■ **Goal of the exercise**
Once you find the line containing "Let's go back" in the data below, copy it and each following line exactly, up to and including the line containing "Under the lamina", and nothing else.

[Saved entries]
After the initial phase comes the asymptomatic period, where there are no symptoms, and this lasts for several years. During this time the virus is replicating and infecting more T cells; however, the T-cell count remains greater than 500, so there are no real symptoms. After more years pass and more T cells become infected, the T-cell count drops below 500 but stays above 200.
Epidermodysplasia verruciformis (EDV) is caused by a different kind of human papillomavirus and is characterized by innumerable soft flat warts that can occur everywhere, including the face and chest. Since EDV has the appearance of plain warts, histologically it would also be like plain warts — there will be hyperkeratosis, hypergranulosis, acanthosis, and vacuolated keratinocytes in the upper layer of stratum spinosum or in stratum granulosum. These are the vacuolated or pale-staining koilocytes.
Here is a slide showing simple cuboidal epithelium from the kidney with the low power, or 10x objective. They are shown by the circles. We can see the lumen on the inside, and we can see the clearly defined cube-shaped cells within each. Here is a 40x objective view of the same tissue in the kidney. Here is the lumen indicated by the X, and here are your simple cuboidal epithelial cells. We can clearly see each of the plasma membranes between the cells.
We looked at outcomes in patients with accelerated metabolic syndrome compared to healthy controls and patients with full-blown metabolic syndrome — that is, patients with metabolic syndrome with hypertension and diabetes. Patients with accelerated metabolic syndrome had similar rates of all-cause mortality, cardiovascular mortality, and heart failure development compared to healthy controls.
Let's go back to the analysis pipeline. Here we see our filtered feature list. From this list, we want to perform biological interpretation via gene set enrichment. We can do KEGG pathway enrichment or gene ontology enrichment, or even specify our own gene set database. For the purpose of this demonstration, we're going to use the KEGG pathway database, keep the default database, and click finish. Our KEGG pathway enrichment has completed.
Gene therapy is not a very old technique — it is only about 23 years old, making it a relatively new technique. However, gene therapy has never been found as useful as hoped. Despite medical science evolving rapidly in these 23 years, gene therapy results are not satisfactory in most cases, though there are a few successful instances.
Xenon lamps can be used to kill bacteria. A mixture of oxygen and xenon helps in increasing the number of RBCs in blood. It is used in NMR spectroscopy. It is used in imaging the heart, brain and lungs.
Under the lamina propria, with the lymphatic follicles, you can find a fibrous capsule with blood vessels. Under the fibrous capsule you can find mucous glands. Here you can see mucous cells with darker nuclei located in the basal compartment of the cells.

---

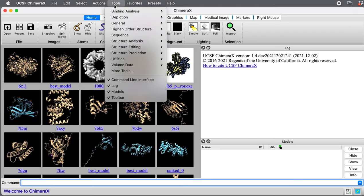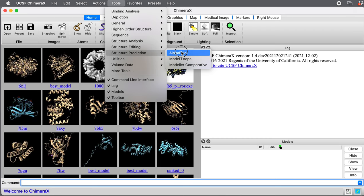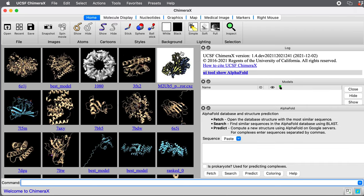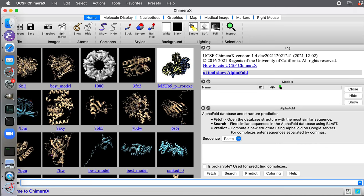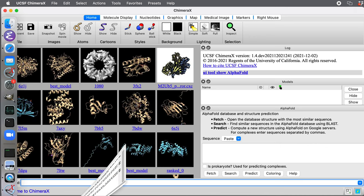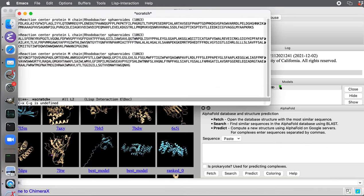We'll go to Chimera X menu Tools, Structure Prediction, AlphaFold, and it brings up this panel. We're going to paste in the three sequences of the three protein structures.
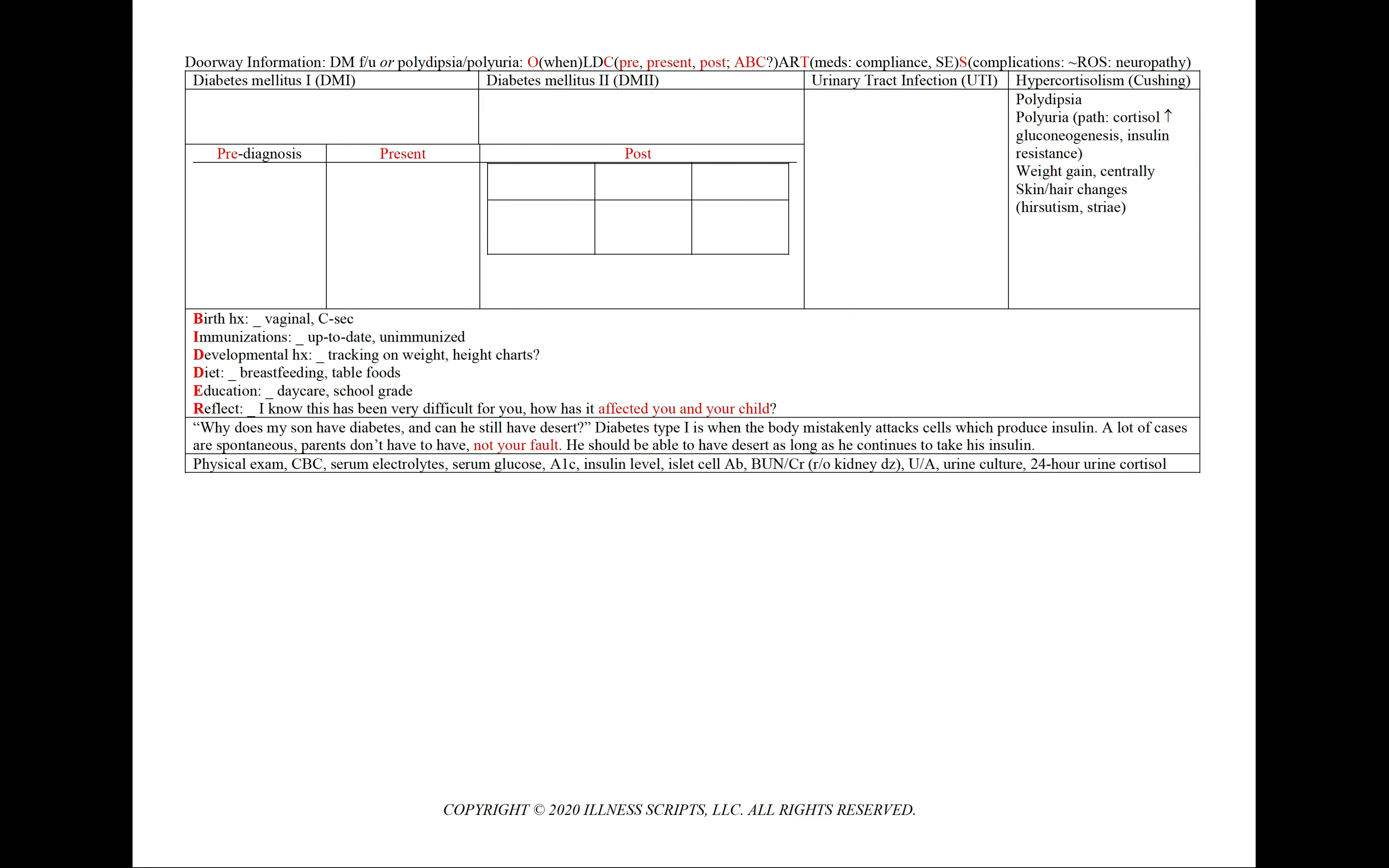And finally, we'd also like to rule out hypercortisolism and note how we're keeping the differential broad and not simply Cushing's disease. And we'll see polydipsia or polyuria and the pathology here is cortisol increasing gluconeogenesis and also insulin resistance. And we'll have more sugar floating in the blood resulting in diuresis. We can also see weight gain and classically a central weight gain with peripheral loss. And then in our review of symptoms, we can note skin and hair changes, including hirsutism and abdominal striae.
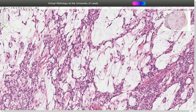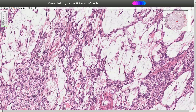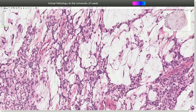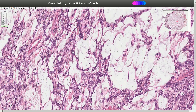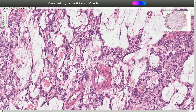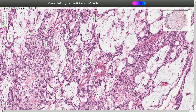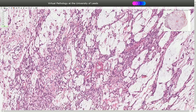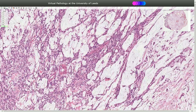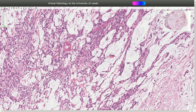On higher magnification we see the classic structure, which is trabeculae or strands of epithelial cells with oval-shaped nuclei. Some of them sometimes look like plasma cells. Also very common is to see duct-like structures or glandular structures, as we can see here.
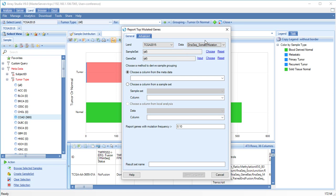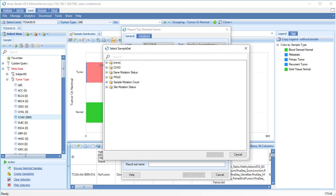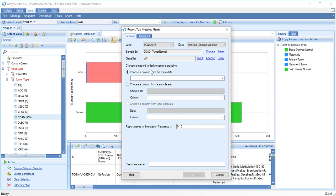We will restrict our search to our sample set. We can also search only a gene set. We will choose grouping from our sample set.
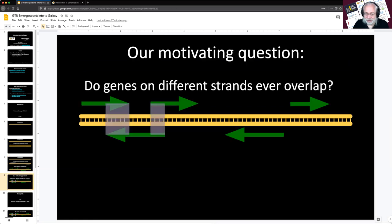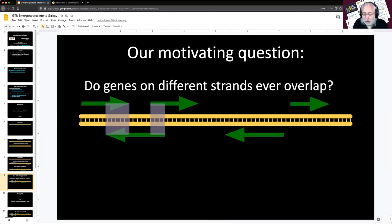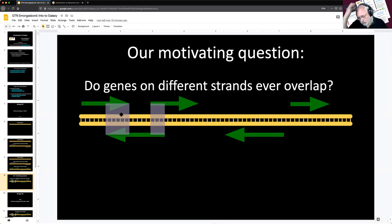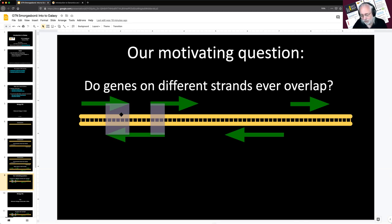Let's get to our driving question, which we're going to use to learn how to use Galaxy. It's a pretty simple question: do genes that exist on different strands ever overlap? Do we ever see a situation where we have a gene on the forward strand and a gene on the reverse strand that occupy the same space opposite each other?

■ **Result**
Let's go back to the analysis pipeline. Here we see our filtered feature list. From this list, we want to perform biological interpretation via gene set enrichment. We can do KEGG pathway enrichment or gene ontology enrichment, or even specify our own gene set database. For the purpose of this demonstration, we're going to use the KEGG pathway database, keep the default database, and click finish. Our KEGG pathway enrichment has completed.
Gene therapy is not a very old technique — it is only about 23 years old, making it a relatively new technique. However, gene therapy has never been found as useful as hoped. Despite medical science evolving rapidly in these 23 years, gene therapy results are not satisfactory in most cases, though there are a few successful instances.
Xenon lamps can be used to kill bacteria. A mixture of oxygen and xenon helps in increasing the number of RBCs in blood. It is used in NMR spectroscopy. It is used in imaging the heart, brain and lungs.
Under the lamina propria, with the lymphatic follicles, you can find a fibrous capsule with blood vessels. Under the fibrous capsule you can find mucous glands. Here you can see mucous cells with darker nuclei located in the basal compartment of the cells.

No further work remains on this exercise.